I've begun reading a book called The Wisdom of Menopause. I tried to buy it at two different independent bookstores and then said fuck it and went to Barnes & Noble. I picked up the book and put it back on the shelf. There was a huge photo of the author/menopause guru on the cover. At the checkstand I was embarrassed, as though I'd picked up O Magazine (not Story of O though I would have felt squirmy about that too for different reasons,) or Martha Stewart Living. I also bought a book entitled The Homeowner's Guide to MOLD. Mold is in two inch high letters which look like they have mold on them. The cashier was my age and didn't belabor the B&N club issue, which was a huge relief. I made a crack about adding insult to injury what with my two books and then brazenly carried them out of the store without a bag, though Martha Stewart I mean the menopause book, the wisdom one, was wedged, face inwards, tight to my armpit. I know there's a good unto great replacement for the ugly smelly word armpit but I don't KNOW it. TWOM has it that my brain is altering/has altered - let's face it I stopped having periods two years ago - and that my not wanting to do anything for anybody ever again, wanting to slough (so sorry for the pun) nurturing, being accomodating, etc. is actually developmentally right where I should be. The comforting thing is having this phrased as a phase of growth rather than decline, an opportunity for growth. Yeah, and "may you live in interesting times" is a curse, pardon the pun.

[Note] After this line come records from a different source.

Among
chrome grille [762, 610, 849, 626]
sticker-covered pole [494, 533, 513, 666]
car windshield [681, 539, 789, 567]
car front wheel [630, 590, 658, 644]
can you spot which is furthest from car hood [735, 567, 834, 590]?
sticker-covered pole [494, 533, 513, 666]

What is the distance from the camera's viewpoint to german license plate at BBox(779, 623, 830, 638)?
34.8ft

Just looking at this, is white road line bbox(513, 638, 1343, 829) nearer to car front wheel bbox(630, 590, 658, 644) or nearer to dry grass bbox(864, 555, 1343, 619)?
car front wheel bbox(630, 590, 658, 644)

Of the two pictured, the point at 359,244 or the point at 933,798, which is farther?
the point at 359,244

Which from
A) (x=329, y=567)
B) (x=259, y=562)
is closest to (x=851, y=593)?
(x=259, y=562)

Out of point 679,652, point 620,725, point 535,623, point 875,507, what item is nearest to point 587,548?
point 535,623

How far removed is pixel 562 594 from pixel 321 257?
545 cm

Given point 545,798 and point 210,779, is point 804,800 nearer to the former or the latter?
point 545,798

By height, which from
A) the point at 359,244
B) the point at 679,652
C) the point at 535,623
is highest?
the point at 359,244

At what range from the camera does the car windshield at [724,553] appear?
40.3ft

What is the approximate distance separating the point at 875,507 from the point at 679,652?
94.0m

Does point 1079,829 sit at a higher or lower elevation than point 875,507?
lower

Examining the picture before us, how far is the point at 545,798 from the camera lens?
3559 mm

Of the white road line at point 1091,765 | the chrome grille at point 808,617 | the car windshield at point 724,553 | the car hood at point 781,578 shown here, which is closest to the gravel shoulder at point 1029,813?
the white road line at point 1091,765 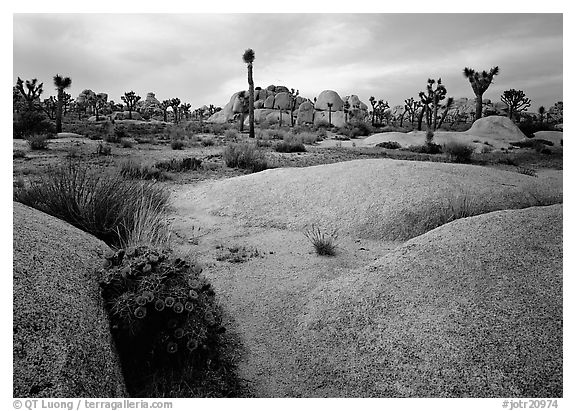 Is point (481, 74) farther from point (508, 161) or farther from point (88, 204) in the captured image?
point (88, 204)

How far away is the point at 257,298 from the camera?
3.65 metres

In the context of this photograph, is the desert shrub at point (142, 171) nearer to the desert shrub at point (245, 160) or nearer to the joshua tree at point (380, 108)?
the desert shrub at point (245, 160)

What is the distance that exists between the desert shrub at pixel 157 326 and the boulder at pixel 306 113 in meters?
50.3

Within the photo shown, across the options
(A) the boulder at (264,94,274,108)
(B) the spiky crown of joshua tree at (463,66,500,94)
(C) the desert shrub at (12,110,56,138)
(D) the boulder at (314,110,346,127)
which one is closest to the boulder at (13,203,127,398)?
(B) the spiky crown of joshua tree at (463,66,500,94)

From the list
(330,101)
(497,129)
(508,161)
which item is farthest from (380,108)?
(508,161)

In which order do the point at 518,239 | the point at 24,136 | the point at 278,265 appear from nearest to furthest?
1. the point at 518,239
2. the point at 278,265
3. the point at 24,136

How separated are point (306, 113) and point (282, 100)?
512 cm

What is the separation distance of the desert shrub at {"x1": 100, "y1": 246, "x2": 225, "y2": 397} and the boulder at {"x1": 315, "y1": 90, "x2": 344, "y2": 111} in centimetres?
5436

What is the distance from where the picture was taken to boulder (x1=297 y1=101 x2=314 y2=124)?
52778 mm

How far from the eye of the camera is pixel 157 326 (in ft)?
8.40

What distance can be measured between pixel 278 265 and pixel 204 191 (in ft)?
12.1

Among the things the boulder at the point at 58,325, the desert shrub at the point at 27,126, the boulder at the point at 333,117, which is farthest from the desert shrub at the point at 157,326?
the boulder at the point at 333,117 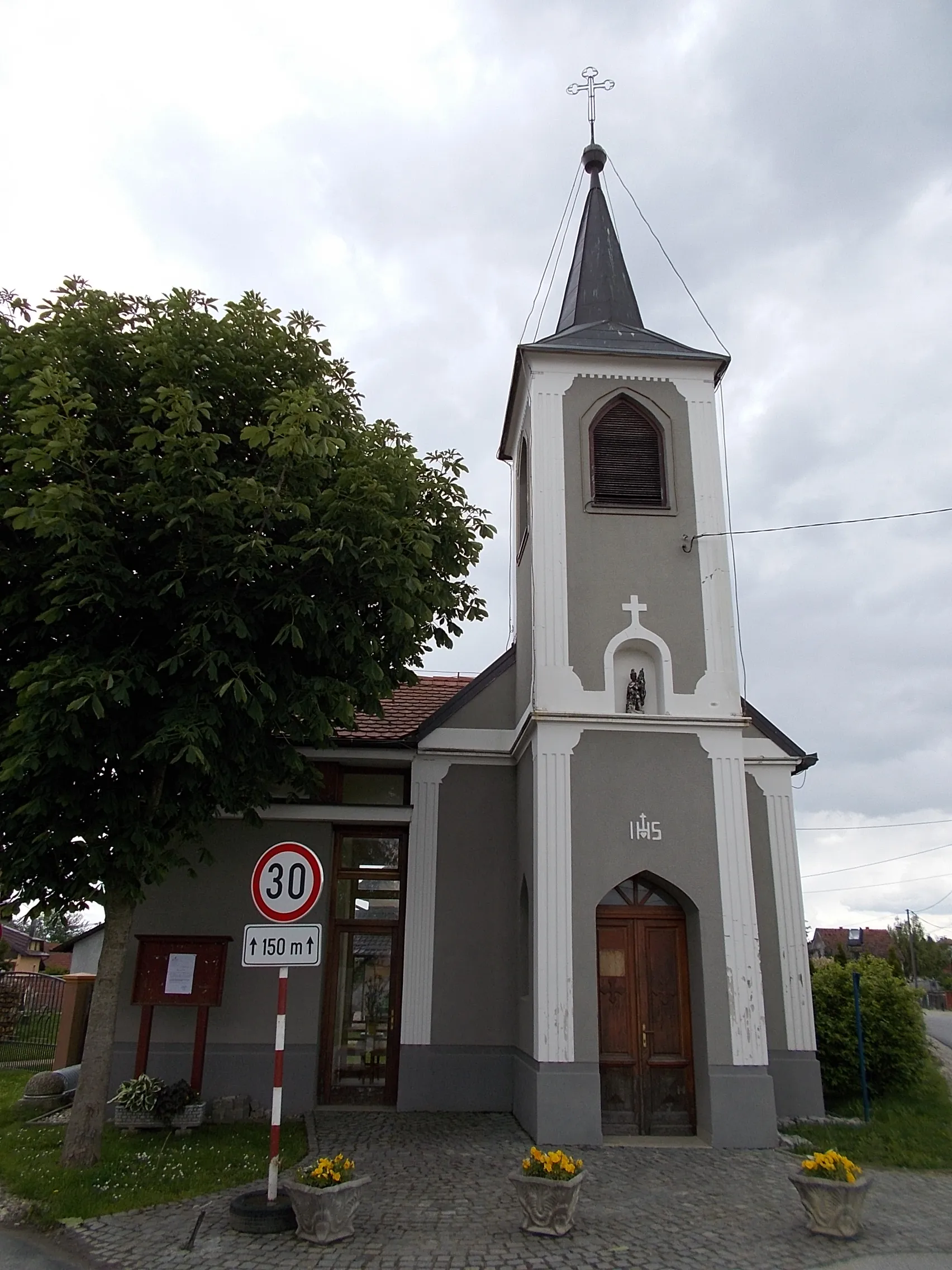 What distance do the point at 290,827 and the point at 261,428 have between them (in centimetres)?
679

I went to a work meeting yesterday and the average age of the players was half mine. The new hire gave me his card which had a quote on it I wanted to read but couldn't without glasses. He was very very young but wore glasses. I squinched my eyes, it was dark in the room, but couldn't get beyond the name of the source of the quote. He said the quote to me, perhaps thinking I'm vain and wasn't wearing my glasses, having as I had until I was in my forties, no clue that this woman (I) had lost due to age (ing) the ability to focus on small print in low light conditions. I can still do it with good light. Who cares? I have reading glasses, many pairs of them. Which I lose. Which my husband borrows. Which is funny when they're the pink ones with red hearts. But which I still demand be given back to me.


I told a friend yesterday that I have three squirt bottles of Shout! in my laundry room. We both said, "hmmmmm, what could that possibly mean?!" Then I went home and sprayed Shout! all over my new white blouse, where the red filled in circles of tomato based sauce had landed when a mussel lost its muscle in a tussle with me at the dinner table. In public. With my friend. I'm not thinking of the fun kind of shout like the group kind with the song playing. I'm thinking about the angry kind that gets you in big trouble with loved ones. If I speak my mind and live with the consequences I won't have to worry so much about shouting.


I've been working on my work room, not pretending to work on my work room which I did for several months actually years while staring at the computer and wishing the fairies would come and fix everything. I've carried bags and bags of books to second hand book places. Two days ago I took five very full double paper shopping bags full to 3rd Place Books at Ravenna. The guy would have given me twenty something bucks for the little stack he wanted out of the bunch or I could have forty something bucks in store credit. I exchanged the store credit and two dollars seventy cents for W.S. Merwin's Migration, beautiful cover from Copper Canyon Press and Travels in the Scriptorium by Paul Auster. The Times (London) review of oh my god damn it another book by Auster so who cares??!! okay okay says, "No metaphysical writer can make you feel more like you're being read a bedtime tale by a gentle, hang-dog uncle... (elipses the book cover's) There is still a hint of the magical in the everyday events that he chronicles." I need a little babying.


I'm in a developmental stage where I want what I want but don't know what I want.